## RECORDS PROVIDED
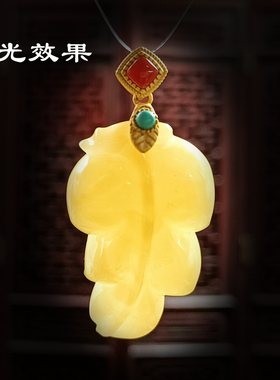 纯银镀厚金不易掉色天然琥珀蜜蜡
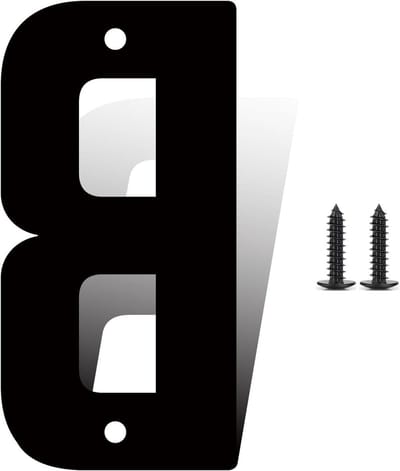 Metalen Huisnummer - Adrescijfer Letter - Huis Identificatie - Weerbestendige Coating - 4 Inch - Mat Zwart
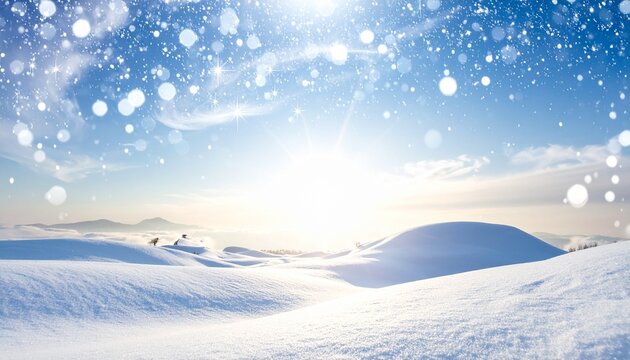 スキーや冬のイメージ　青空と太陽が輝く雪原と美しい冬山の絶景風景	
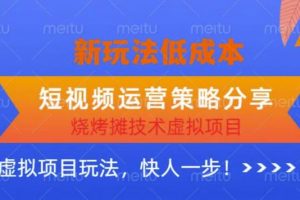 低成本烧烤摊技术虚拟项目新玩法，短视频运营策略分享，快人一步【揭秘】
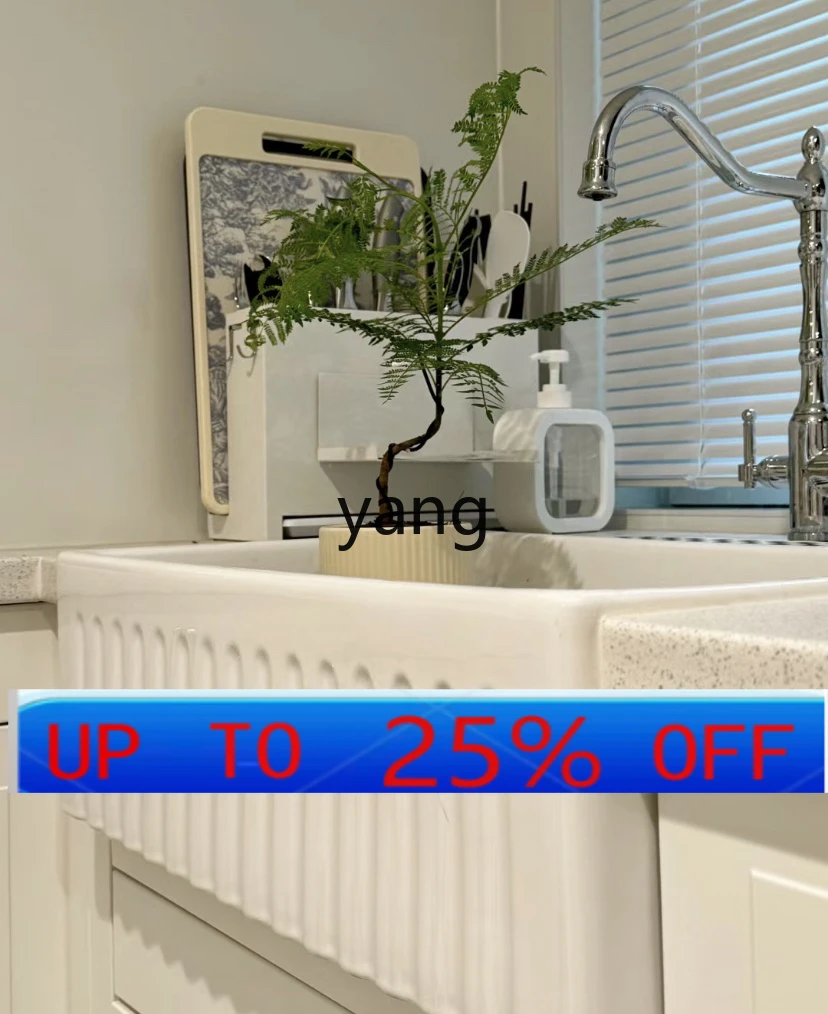 

YJQ retro ceramic sink kitchen washing basin large single slot front semi-embedded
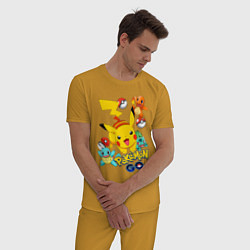 Пижама хлопковая мужская ПОКЕМОНЫ POKEMON, цвет: горчичный — фото 2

## EXERCISE DETAILS
Leave the pictures out, then output exactly the lines from the "Metalen Huisnummer - Adrescijfer" line through the end of the records above, and no others.

## ANSWER TO THE EXERCISE
 Metalen Huisnummer - Adrescijfer Letter - Huis Identificatie - Weerbestendige Coating - 4 Inch - Mat Zwart
 スキーや冬のイメージ　青空と太陽が輝く雪原と美しい冬山の絶景風景	
 低成本烧烤摊技术虚拟项目新玩法，短视频运营策略分享，快人一步【揭秘】

YJQ retro ceramic sink kitchen washing basin large single slot front semi-embedded
 Пижама хлопковая мужская ПОКЕМОНЫ POKEMON, цвет: горчичный — фото 2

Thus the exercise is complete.